O voo de Risério é ambicioso. Ao enfrentar a complexidade do processo de formação urbana, social e cultural brasileiro, aborda desde a implantação da cidade ibérica na América e formas de exploração e colonização (distinguindo as cidades do ouro das cidade da Amazônia), até a presença africana examinada sob novas luzes, as interconexões cidade/sertão e as migrações. O livro termina com dois ensaios que despertam nossa adormecida imaginação histórico-sociológica e reavivam utopias, de que andamos tão carentes para a construção do tal futuro que não veio: “Vanguarda, memória e utopia” e “Aspecto de agora”. A leitura de um oportuno e substancioso anexo sobre “A cidade numa nova configuração amazônica” trará ao leitor pontos de partida para a compreensão da urbanização e da reespacialização (ir)responsável nestes “tristes trópicos”. Passeando seu olhar pelo mundo (Ásia, Europa, África, América do Norte, América Latina), o ponto de chegada de Risério é sempre o Brasil, pensado porém em suas projeções no futuro.
No esquadrinhamento da questão urbana em suas dimensões espacial, temporal e social, Risério estabelece debates inteligentes com intelectuais, pesquisadores e militantes que já se debruçaram sobre nossas realidades, como os saudosos Aloísio Magalhães (“o Brasil não deveria se tornar uma nação rica, mas sem caráter”), Darcy Ribeiro, Celso Furtado, Florestan, Bento Prado Jr., Rino Levi, e também com Alberto da Costa e Silva, Carlos A. L. Brandão (“o futuro da cidade pode ser a não-cidade”), Hugo Segawa, Joaquim Falcão, a inquieta Françoise Choay, Marcelo Ferraz (“as nossas periferias são uma causa perdida?”), Vilém Flusser, Candido Malta Campos, Mota Menezes, Marcelo Lopes de Souza (o autor de Fobópole) etc. E com clássicos, de José Luis Romero e Richard Morse a Nestor Goulart Reis e Ramón Gutiérrez, faltando todavia nesse megadiálogo alguns estudiosos essenciais, que ele bem conhece, como Milton Santos, Jorge Hardoy, Aziz Ab’Sáber, Márcio Souza...
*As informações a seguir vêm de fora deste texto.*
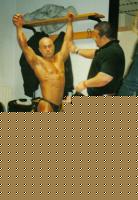 Click image for larger version

Name:	Cosimo Romeo.jpg
Views:	162
Size:	53.5 KB
ID:	15852287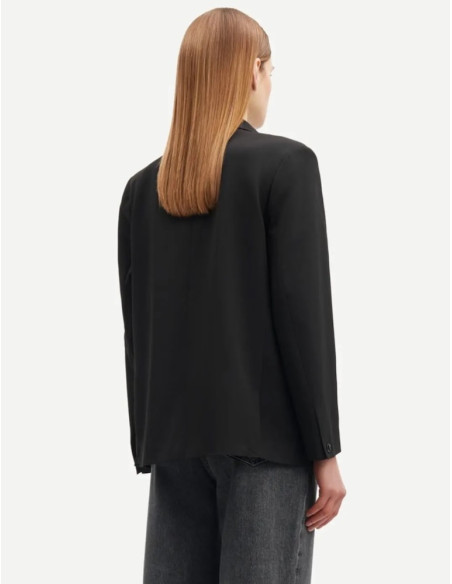 SAMSOE SAMSOE blazer RAMONA
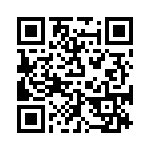 V110A12E400BN2 QRCode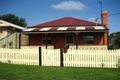 Property photo of 2 Kennedy Street North Toowoomba QLD 4350
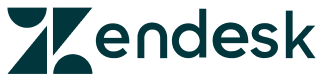 Zendesk
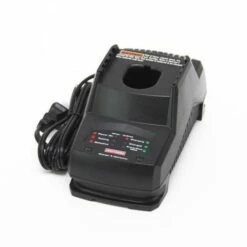 Best Pirce ✨ Craftsman 19.2V C3 Ni-Cad 1 Hour Battery Charger 315.CH2020 ✔️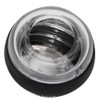 Wrist Training Ball Gyroscopic Hand Arm Muscle Power Force Strength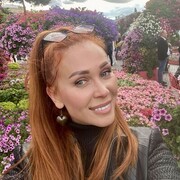 ���������� ������, ���� ������� Yanochka, 39 ���, ������������ ��� ������, ����� � ���������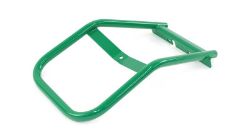 Bobcat 540244.2 Front Guard Assembly - BOB 540244.2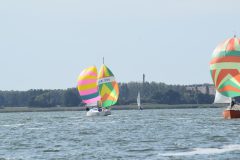 DSC_1101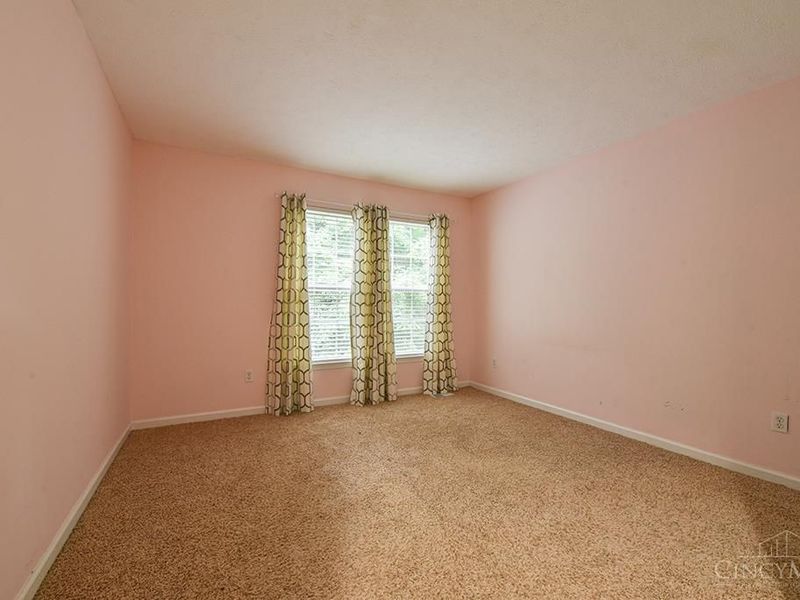 1503 Corbin Drive, Miami Twp, OH 45150 Photo 29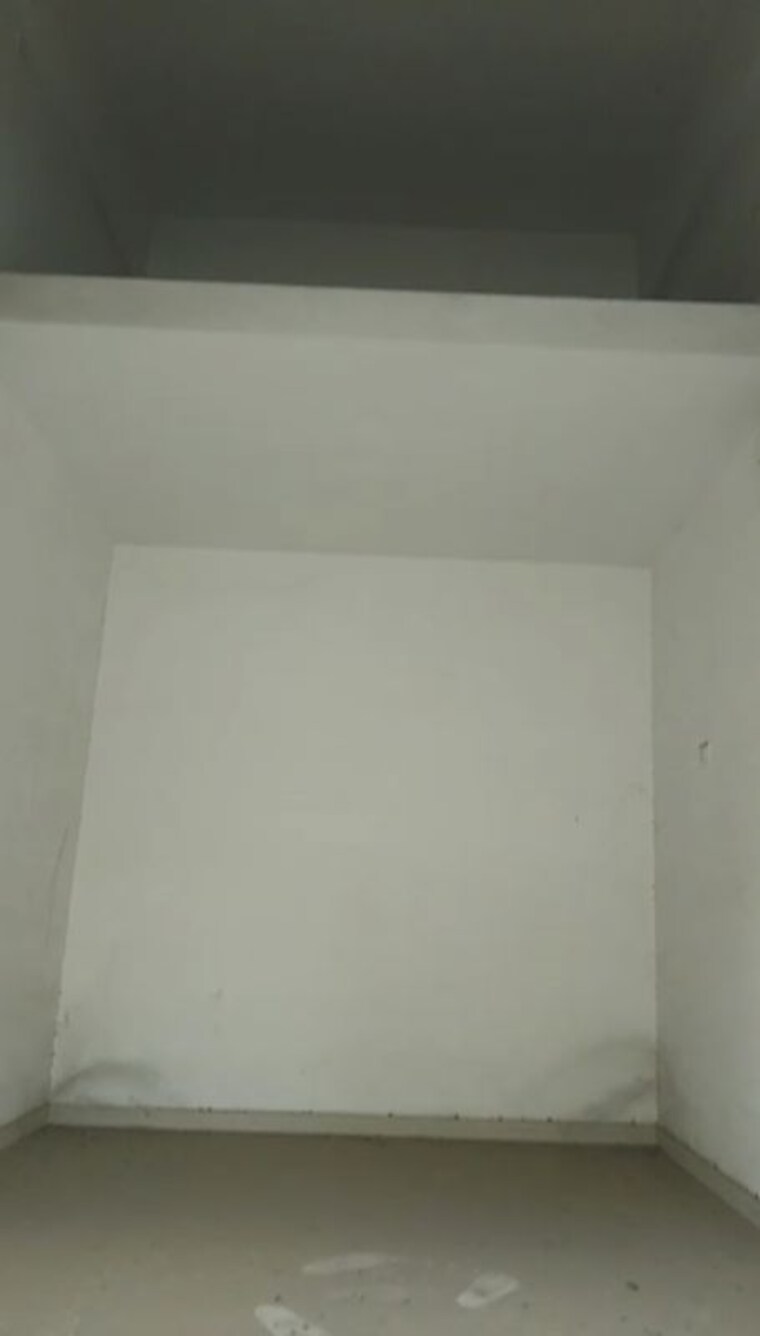 Floor Plan, 38-park-majestique Commercial Shop 145 Sq.Ft. In Undri Pune 9727210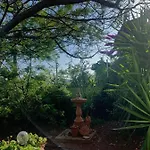 Сasa de vacaciones Mikula *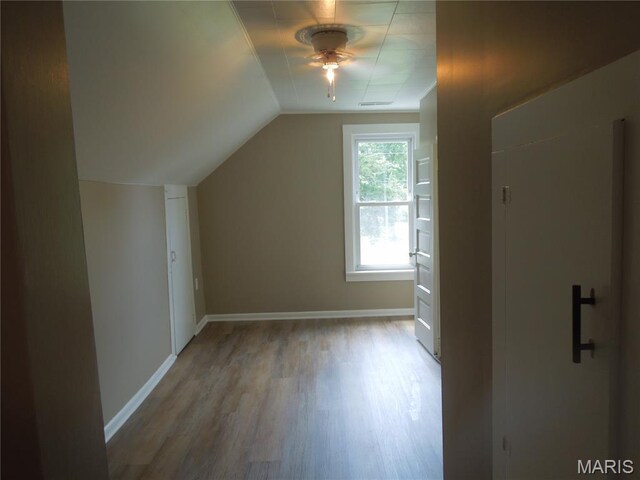 631 Starr St, Nokomis, IL 62075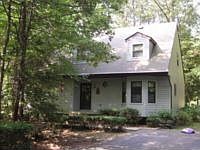 1st image of 23261 Scotch Pine Ct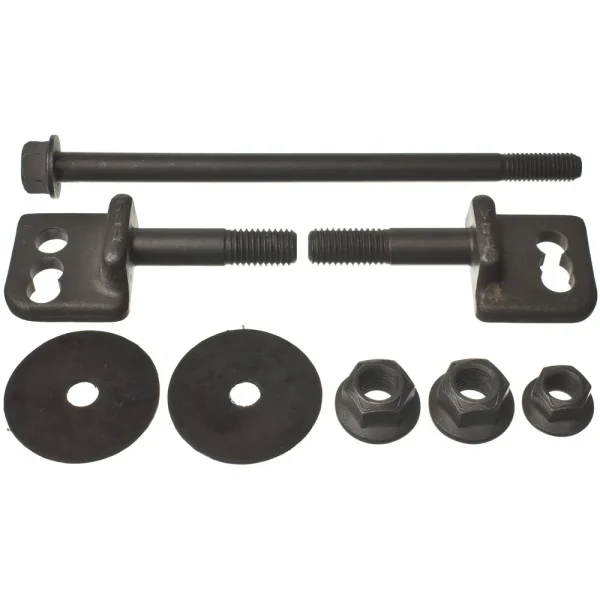 Rare Parts +/-0.75, +1.50 Degree Alignment Camber/Caster Kit – 70822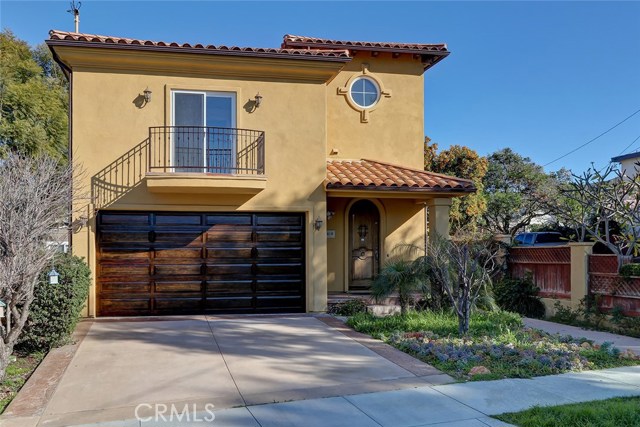 24428 Park Street, Torrance, California 90505, 3 Bedrooms Bedrooms, ,2 BathroomsBathrooms,Residential,Sold,Park,SB19031950 24428 Park Street, Torrance, California 90505, 3 Bedrooms Bedrooms, ,2 BathroomsBathrooms,Residential,Sold,Park,SB19031950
O autor carrega experiência profissional que transcende o campo teórico, visto ter trabalhado em governos, administrações públicas e em campanhas políticas municipais. O treinamento como historiador e antropólogo, mais a densa convivência com os arquitetos Lina Bo Bardi e João Filgueiras Lima (Lelé), aos quais o livro é dedicado, bem como com Marcelo Ferraz, Marcelo Suzuki e outros e outras, como Maria Elisa Costa, se revela nesta interpretação inovadora que, por certo, irá inspirar novas teses e projetos que poderão fugir do mainstream por vezes batido da historiografia da arquitetura, do urbanismo e do design. Um novo “intérprete do Brasil” se afirma nestas páginas, na escrita de ensaísta vigiante que vem reafirmar ser impossível dimensionar a questão urbana neste país sem uma bem fundamentada Teoria da História e da Cultura no Brasil.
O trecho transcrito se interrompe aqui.